An embodiment of the present invention further provides an electronic device, where the electronic device includes: a processor and a memory. Wherein the memory is for storing a program that, when executed by the processor, causes the processor to implement a method of training a sub-threshold depression risk prediction model as described in any of the preceding embodiments, or a method of sub-threshold depression risk prediction as follows: inputting the obtained detection result of the expression level of the serum cytokine of the sample to be detected into a pre-trained subliminal depression risk prediction model to obtain a prediction result of the sample; wherein the serum cytokines comprise: at least one of IL-1 β, IL-4, IL-10, IL-17, IL-2R α, LIF, MIF, and SDF-1 α; the model for predicting the risk of subliminal depression is constructed by the training method for predicting the risk of subliminal depression in any embodiment.
The Memory may be, but is not limited to, a Random Access Memory (RAM), a Read Only Memory (ROM), a Programmable Read Only Memory (PROM), an Erasable Read Only Memory (EPROM), an electrically Erasable Read Only Memory (EEPROM), and the like.
The processor may be an integrated circuit chip having signal processing capabilities.
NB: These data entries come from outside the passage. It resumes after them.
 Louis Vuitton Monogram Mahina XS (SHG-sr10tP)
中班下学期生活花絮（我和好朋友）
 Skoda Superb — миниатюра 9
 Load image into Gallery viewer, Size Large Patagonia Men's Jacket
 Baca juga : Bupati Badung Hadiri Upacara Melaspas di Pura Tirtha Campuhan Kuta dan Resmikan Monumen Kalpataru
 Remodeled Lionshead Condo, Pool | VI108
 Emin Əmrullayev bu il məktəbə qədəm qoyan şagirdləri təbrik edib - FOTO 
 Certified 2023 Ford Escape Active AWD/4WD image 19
The Processor may be a general-purpose Processor including a Central Processing Unit (CPU), a Network Processor (NP), etc.; but also Digital Signal Processors (DSPs), Application Specific Integrated Circuits (ASICs), Field Programmable Gate Arrays (FPGAs) or other Programmable logic devices, discrete Gate or transistor logic devices, discrete hardware components.
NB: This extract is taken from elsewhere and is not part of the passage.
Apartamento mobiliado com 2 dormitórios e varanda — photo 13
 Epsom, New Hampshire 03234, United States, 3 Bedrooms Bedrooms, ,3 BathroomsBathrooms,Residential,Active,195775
In practical applications, the electronic device may be a server, a cloud platform, a mobile phone, a tablet computer, a notebook computer, an ultra-mobile personal computer (UMPC), a handheld computer, a netbook, a Personal Digital Assistant (PDA), a wearable electronic device, a virtual reality device, and the like, and therefore, the embodiment of the present application does not limit the type of the electronic device.
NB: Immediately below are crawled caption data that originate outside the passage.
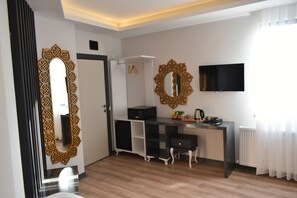 Deluxe Room, Balcony, Sea View | Egyptian cotton sheets, premium bedding, minibar, in-room safe - Avcilar Garden Hotel (Istanbul)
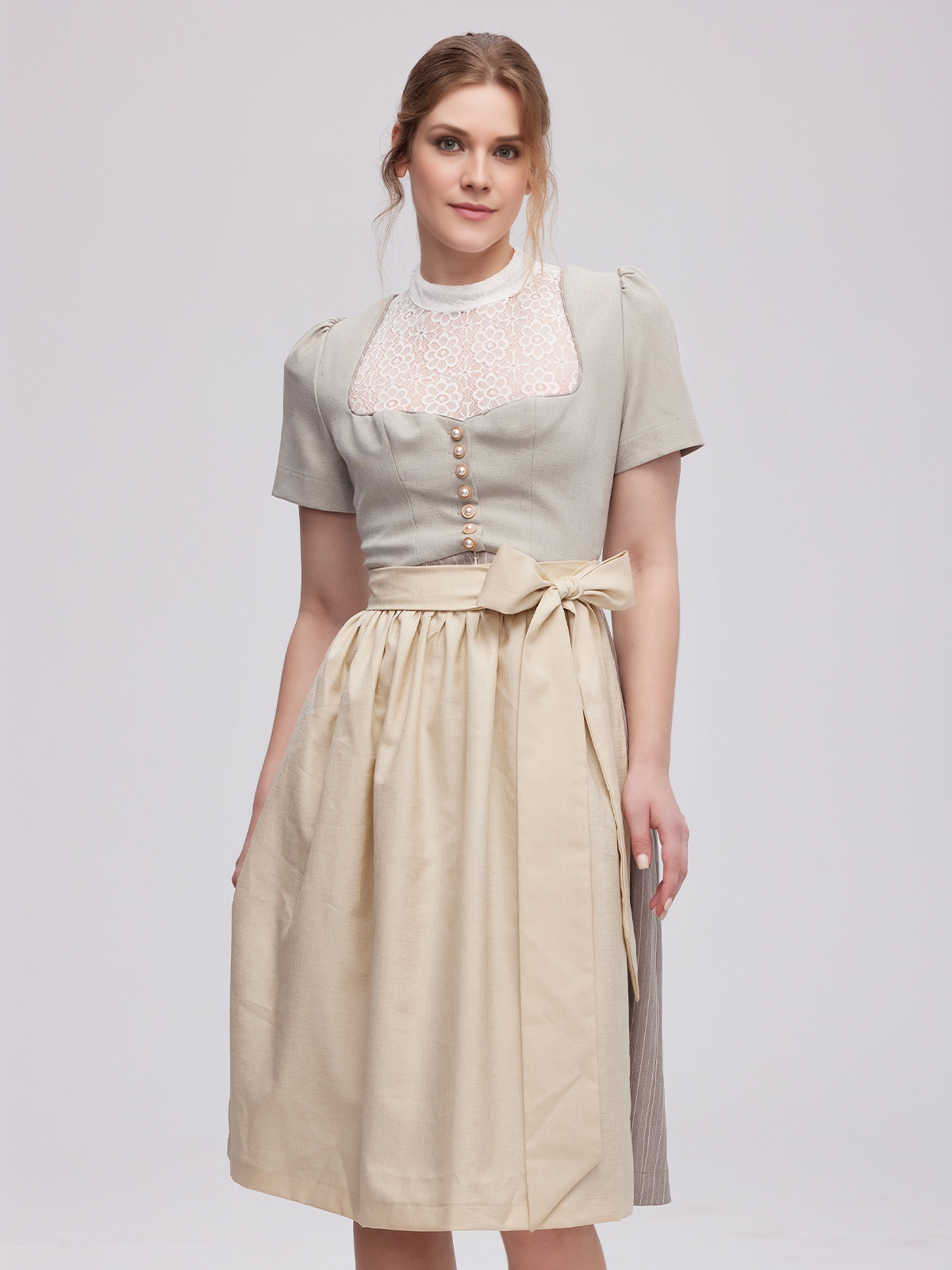Modernes graues Dirndl mit jugendlichem Schnitt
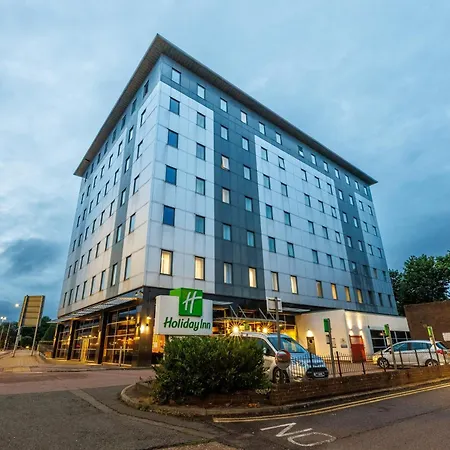 Holiday Inn Stevenage By Ihg-3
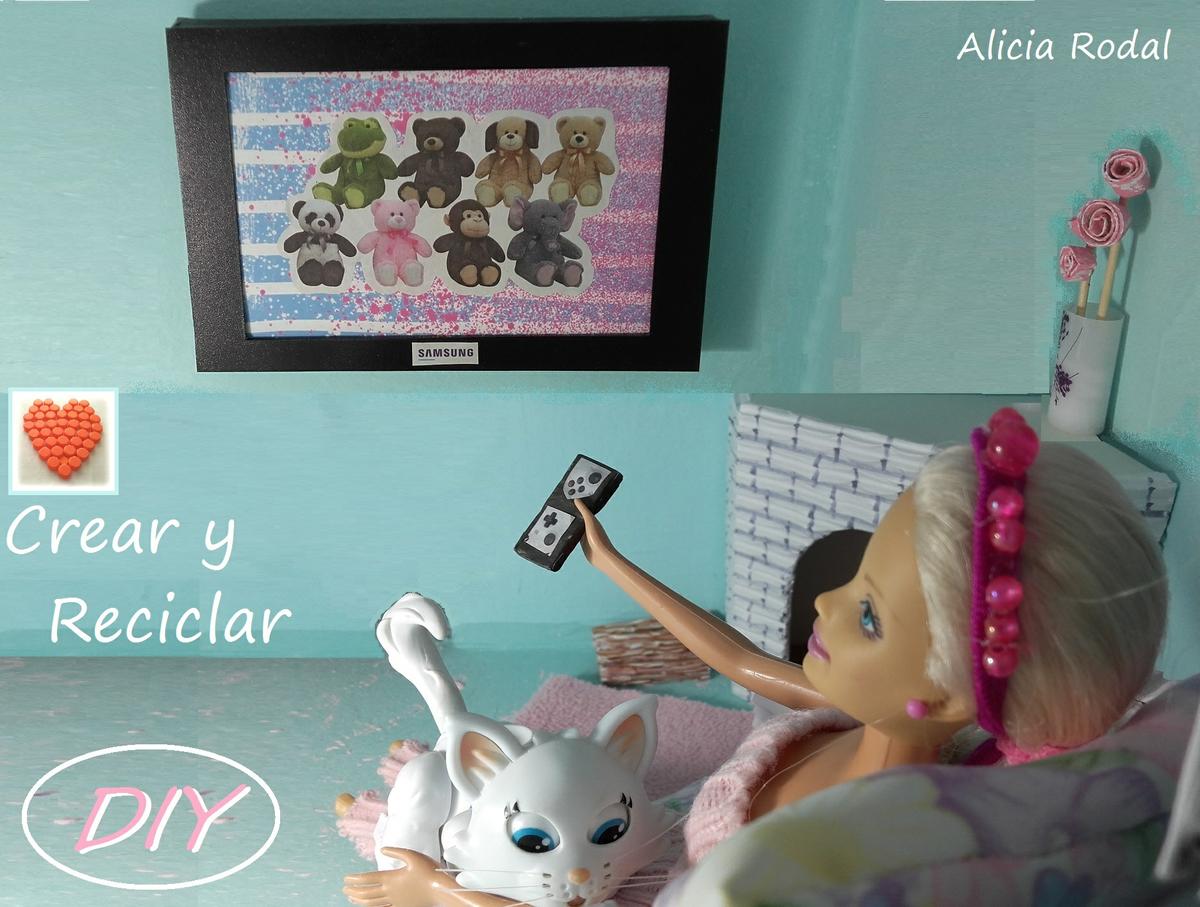 Televisor o televisión con mando o control remoto para muñecas con reciclaje DIY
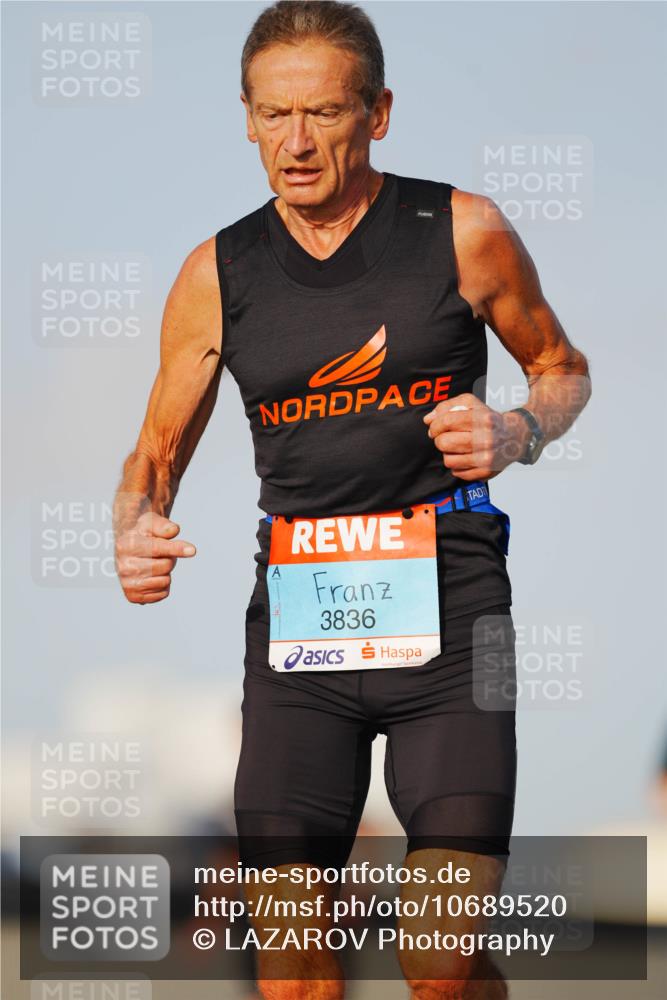 03.10.2026 - Köhlbrandbrückenlauf LAZAROV Photography http://msf.ph/oto/10689520 03.10.2026 09:42:48 Position 3 3836 meine-sportfotos.de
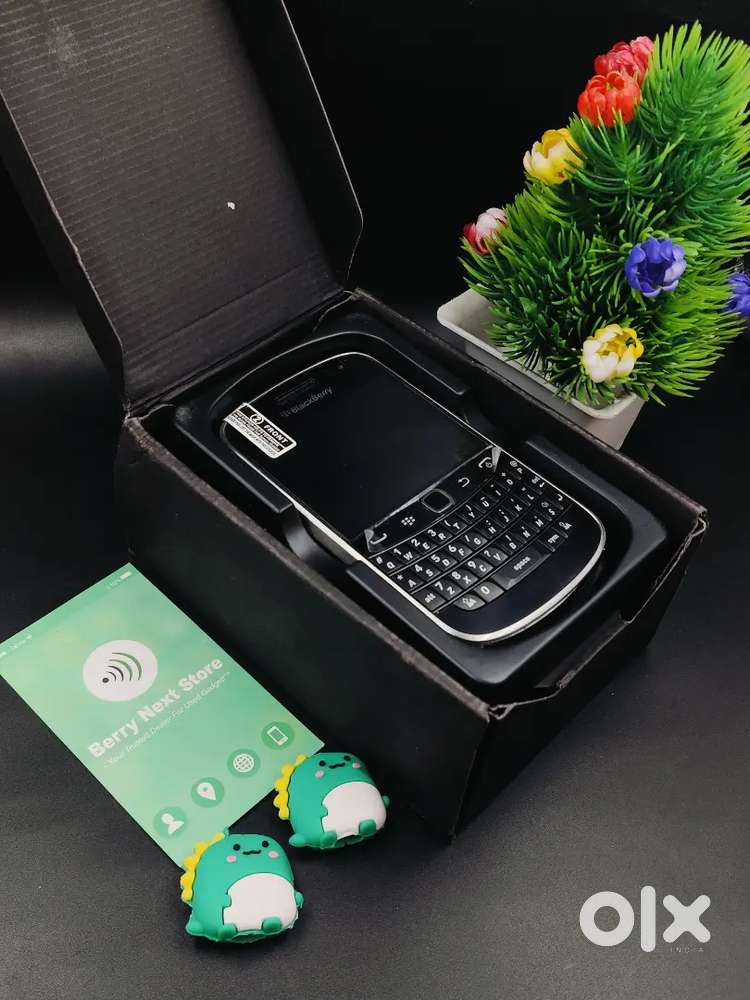 BLACKBERRY BOLD 4 9900 - IMMACULATE DEVICE WITH GENUINE BILL .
Embodiments of the present invention further provide a computer-readable storage medium, on which a computer program is stored, where the computer program, when executed by a processor, implements a training method for a sub-threshold depression risk prediction model according to any of the foregoing embodiments, or the following sub-threshold depression risk prediction method: inputting the detection result of the serum cytokine expression level of the sample to be detected into a pre-trained subliminal depression model to obtain a prediction result of the sample; wherein the serum cytokines comprise: at least one of IL-1 β, IL-4, IL-10, IL-17, IL-2R α, LIF, MIF, and SDF-1 α; the sub-threshold depression model is constructed by the training method of the sub-threshold depression model according to any embodiment.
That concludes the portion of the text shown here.